Lover's Key, Florida

Lover's Key, Florida
I WILL FIND OTHER SEAS.

Saturday, March 19, 2011

DRIVING DOWN A FAMILIAR ROAD

Today I spoke with Gwen's high school friend in Iron River.  It's always special to hear that strong Stambaugh accent.  It will be nice to visit with her and Gwen's other best friend, Rene, this summer.  There's something about their connection to Gwen that I find very comforting.

It's been a pretty easy day.  I attended a breakfast for volunteers at St. Mary Student Parish.  After that, a nice long workout at the gym, then I decided to just lie around the house and do some writing.  Words are starting to come back to me.

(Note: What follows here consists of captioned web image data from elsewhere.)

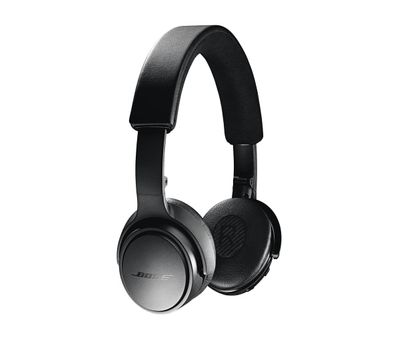 Bose on-ear wireless headphones – Refurbished On Sale for $49.99 at Bose Canada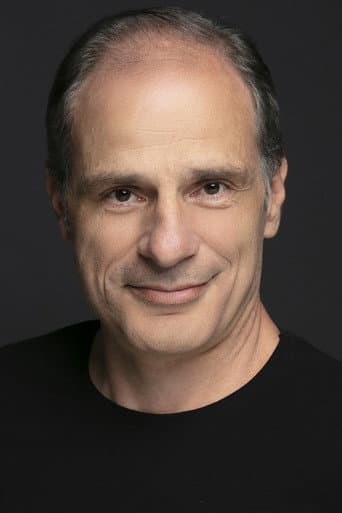 Gökhan Civan fotoğrafı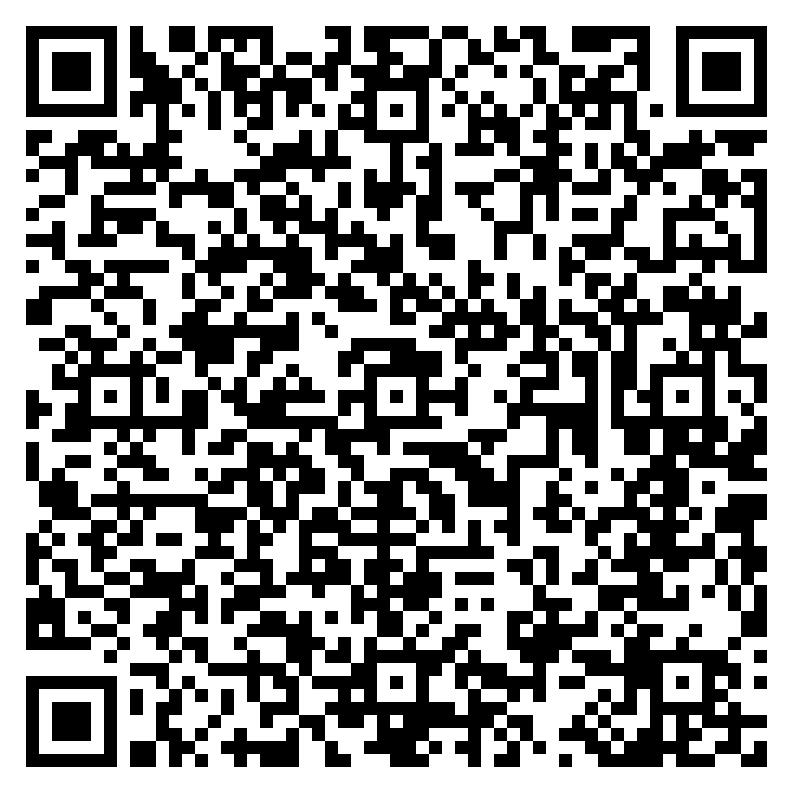 kod QR z danymi kontaktowymi 35654049100000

A former student at NMU who is now a counselor in the U. P. wrote and told me that she had seen Gwen's name in the NMU Alumni Magazine.  My copy came in the mail today, and there, listed under Deaths was the name Gwen Bayerl, 1962.   Seeing her name there, one of several other people who died, somehow diminished the fact of her death.  I want her to be remembered as the strong, assertive, caring, loving person that she was, not just a name in a magazine.  I know, that's not the way it's done.  She dropped out of NMU at the end of her sophomore year, so I was initially puzzled that she was listed as a 1962 graduate.  Then I remembered that she had been awarded an Associate's Degree in Business.

Today at the breakfast I talked with a friend who reminded me to cherish the special, loving relationship that Gwen and I had over the years.  As he put it it, sometimes the spouse left behind says, "I'm glad the bitch is gone."  Of course that happens, but it makes me heartsick to acknowledge it, and I really don't need to be reminded to cherish the love that Gwen and I were given.  In a letter to me way back in 1963 Gwen sent me this; she copied it from something she was reading:


No matter how often
I level the weed,
It returns after rain,
As if there is need
To remind men who sever
Life’s delicate string
That destruction is never
A permanent thing.
 In a letter from Gwen, Wednesday, February 21, 1963.

It's kind of beautiful now;  how prescient that was.  What a wonderful reminder from her so long ago that she is still with us ,"destruction is never a permanent thing."  Indeed it's not.